Diversos vídeos compartilhados no TikTok e Instagram com críticas aos contratos de comodato da BYD com órgãos públicos, também citam acusações de que a empresa mantém funcionários em condições de trabalho análogo à escravidão. Isso porque, em dezembro de 2024, uma força-tarefa do Ministério Público do Trabalho (MPT) resgatou operários que trabalhavam na fábrica da BYD em Camaçari, na Bahia.

Segundo as investigações, 163 trabalhadores foram trazidos da China com vistos irregulares e submetidos a contratos com cláusulas abusivas, que violam as leis trabalhistas do Brasil.
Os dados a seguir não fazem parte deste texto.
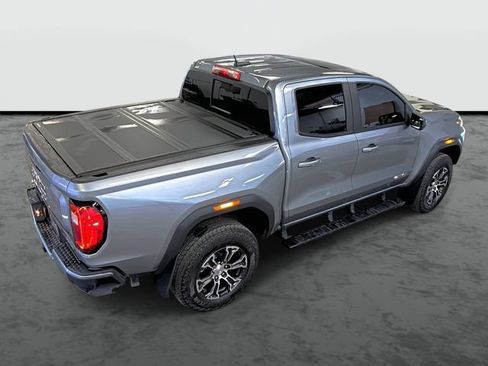 Used 2025 GMC Canyon AT4 w/ Technology Plus Package AWD/4WD image 4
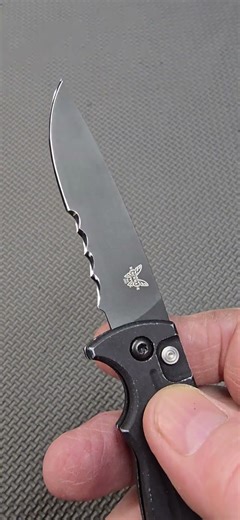 Benchmade Mini Reflex with 4-(1/2") Veff Serrations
Relatos também apontam jornadas exaustivas e condições precárias de alojamento.

Dias após a denúncia, a BYD rescindiu o contrato com a construtora terceirizada, Jiang Construction Brazil, responsável pela contratação dos operários que atuavam na construção de uma nova fábrica na Bahia.

Em audiência realizada em 7 de janeiro de 2025, o MPT discutiu com a empresa e as três terceirizadas, responsáveis pelas obras da montadora no Brasil, o pagamento e o custeio para retorno dos trabalhadores resgatados à China. “Isso inclui a compra pela contratante das passagens e o custeio de até 120 dólares americanos como ajuda de custo para a viagem de volta às suas cidades de origem na China”, informa o MPT.